While I cannot speak to the details of the case, I can speak to one simple fact: In the United States, undergraduate college students in their early 20s are not treated as adults by the financial aid system.

scholarship & aid books

All government-associated aid for American college students, no matter what their age, is handled through the Free Application for Federal Student Aid, or FAFSA. In order to file FAFSA, you need tax return information. If you are an undergraduate student under the age of 24 and are not legally emancipated, you must provide your guardian’s tax return information in order to apply for aid, even if they have thrown you out without contributing a penny towards your education. The only way to get around it is to either get emancipated or get an override, neither of which are easy tasks. If you forgo the option federal aid, your other option is to obtain private loans, loans that require either a co-signer or a decent credit history. Scholarships and grants can be an option for some students, but such awards often hardly make a dent in tuition costs, let alone cost of living, books, and so on.
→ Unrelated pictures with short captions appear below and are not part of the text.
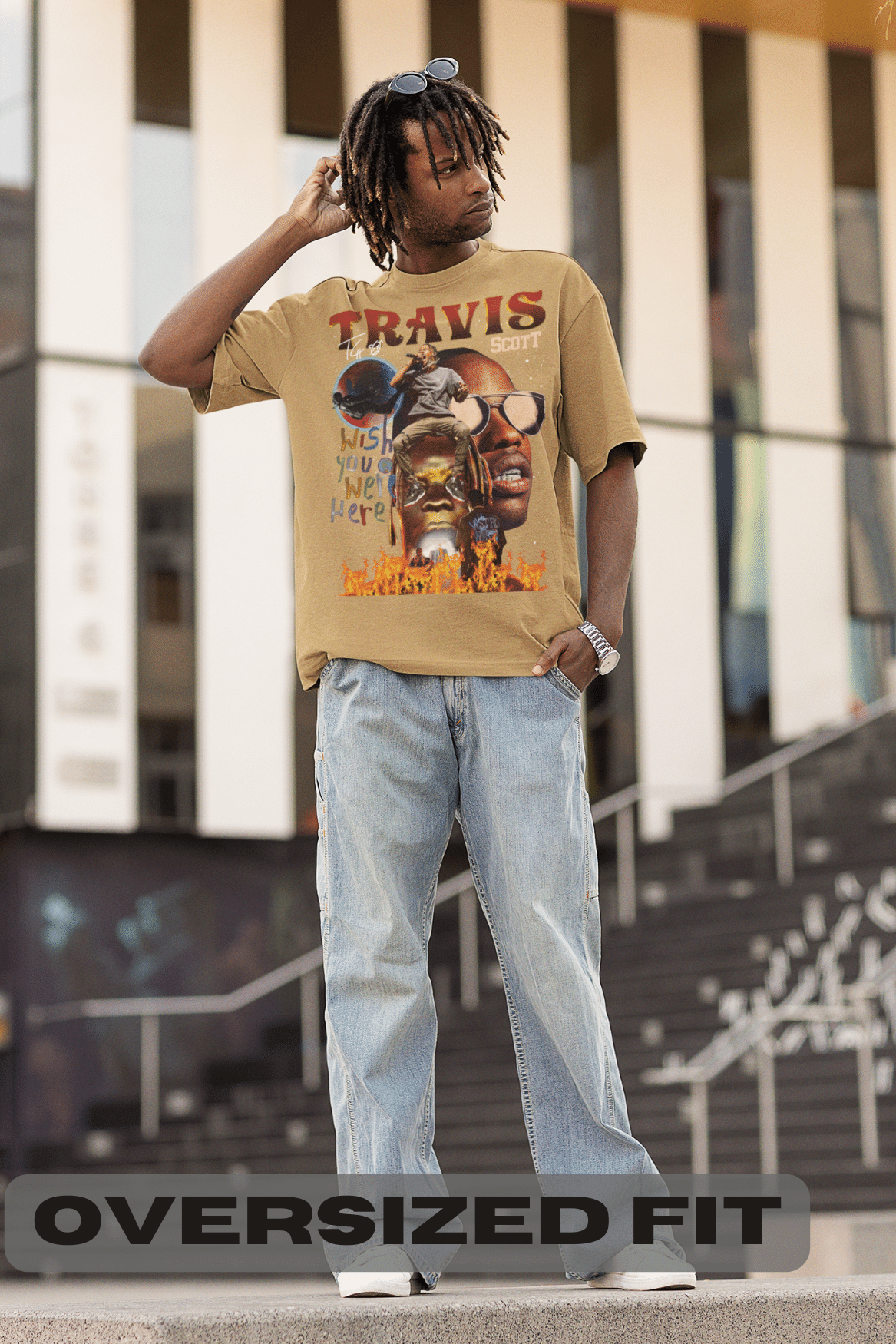 Men's Oversized T-shirt in Beige - Travis Scott Astroworld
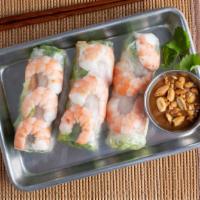 Spring Rolls · Shrimp, pork, rice noodles, lettuce, and cilantro wrapped in rice paper. Served with hoisin ...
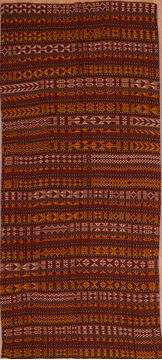 Kilim Orange Runner Flat Woven 4'1" X 10'7"  Area Rug 100-109270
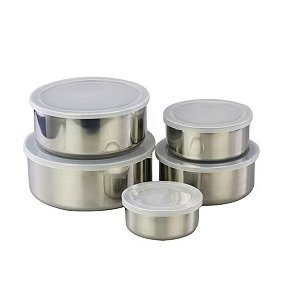 Kit 5 Tigelas Empilháveis Pote Inox Com Tampa Vedação Firme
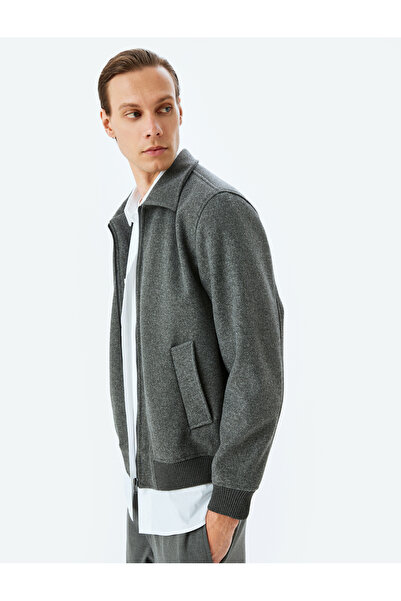 Koton Бомбер-куртка з коміром, з кишенями на блискавці, з віскозною сумішшю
I know this from personal experience. As a nineteen-year-old, I found my living situation with my parents to be unbearable, to put it delicately. I wanted to file FAFSA but my parents refused to share their tax information with me. The financial aid office asked me if I had police records or testimony from a religious community leader to prove that my situation had so deteriorated; I had neither (especially not the latter, since the reason I had issues were to do with my deconversion to atheism). I ended up unable to get aid through FAFSA — I could’t even file — and so I took out private loans. I was lucky in that I’d had a credit card since I had turned eighteen and thus had built up a credit history worthy of a private student loan. That single year of education set me back quite a bit and ensured that I began my professional life in serious, unsubsidized debt. My loans are considered “private” and thus are not be eligible for forgiveness or deferment of any kind, neither through becoming a teacher nor through the reforms passed by President Obama. At the same time, they are still considered “student loans” and thus cannot be forgiven even through the declaring of bankruptcy.

On the flip side, students whose guardians are willing to provide their tax information for FAFSA and get subsidized loans and aid, then, if they so choose, are able to go on to graduate school and get aid based on their own personal incomes, free of crushing private debt. I’ve known students who continue to live with wealthy parents through their postgraduate education but claim only their paltry personal undergraduate income on their grad school FAFSAs. I’ve known students who comes from wealth who traveled on their parents’ dime and worked low-wage jobs until they hit age 24, then applied to school using their low personal income to ensure that neither they nor their parents had to pay much, if at all, for school. It’s yet another perpetuator of the cycle of wealth and inequality.

a jar filled with $100 bills labeled "college fund"

If I could go back and do it over, I might’ve lived a little more frugally than I already had been, but I wouldn’t have dropped out. As hard as it was for me to get a job as a millennial in a recession, I wouldn’t have been able to eventually get the job that I have had I not had my degree. Without it, I might’ve ended up stuck living paycheck-to-paycheck in retail purgatory, unable to help my partner out of homelessness.

The way in which the post-secondary undergraduate student financial aid system is set up heavily disadvantages students who come from already-difficult backgrounds. It ensures that filial stability is rewarded financially. Those with less fraught family lives are able to continue having easier lives, while those with issues find their lives being made more difficult.